───── SUPPLIED ENTRIES
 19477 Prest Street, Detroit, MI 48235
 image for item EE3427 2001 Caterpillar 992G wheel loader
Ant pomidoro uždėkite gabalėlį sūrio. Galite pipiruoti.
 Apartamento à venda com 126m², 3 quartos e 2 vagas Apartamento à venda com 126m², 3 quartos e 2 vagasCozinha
──────────
───── SUPPLIED ENTRIES
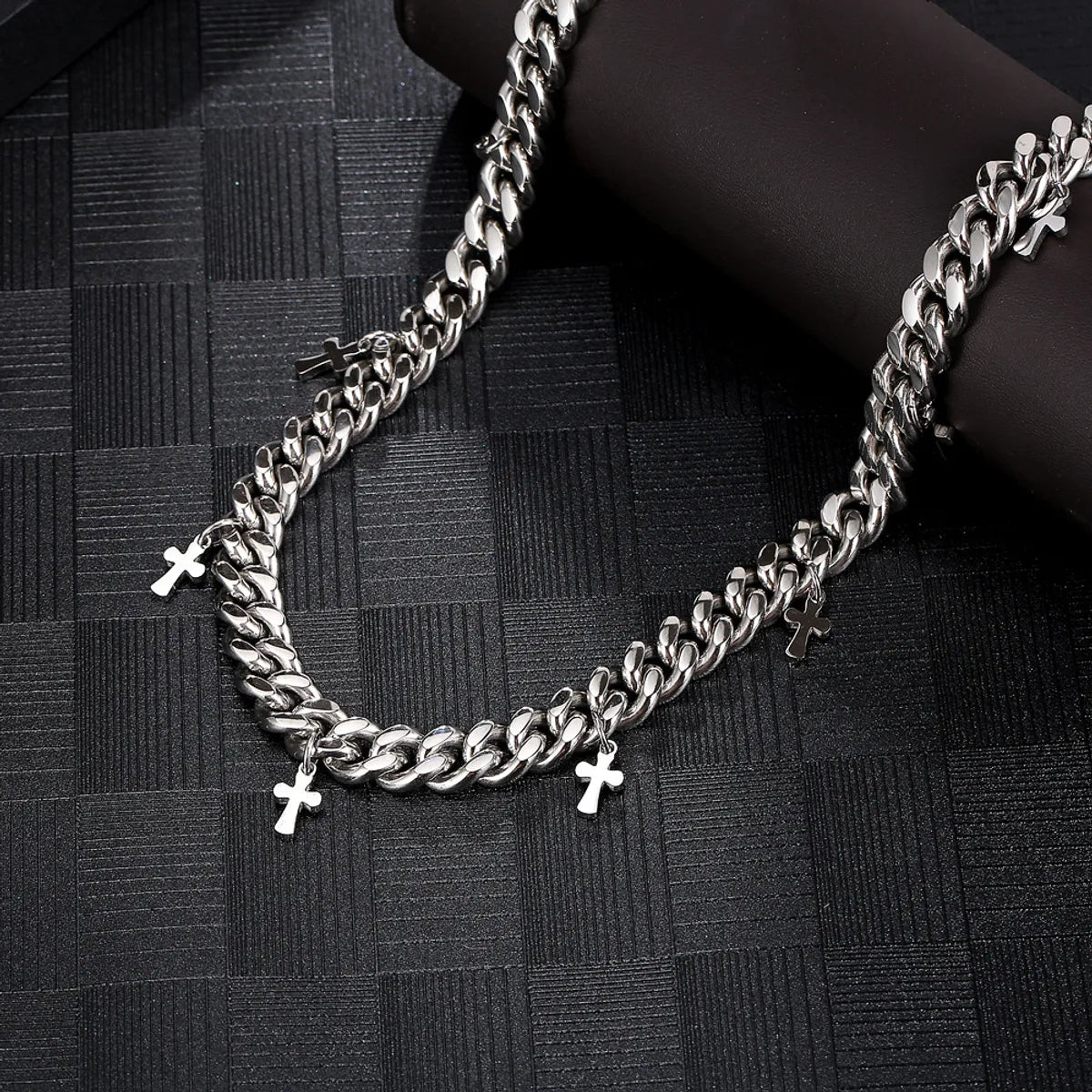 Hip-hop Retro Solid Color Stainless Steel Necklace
──────────
__TASK STATEMENT__.
Everything above from the line with "image for item" to the line with "Apartamento à venda com 126m², 3 quartos e 2 vagas Apartamento", both included, must be repeated exactly, and nothing outside that range.

__RESPONSE BOX__.
 image for item EE3427 2001 Caterpillar 992G wheel loader
Ant pomidoro uždėkite gabalėlį sūrio. Galite pipiruoti.
 Apartamento à venda com 126m², 3 quartos e 2 vagas Apartamento à venda com 126m², 3 quartos e 2 vagasCozinha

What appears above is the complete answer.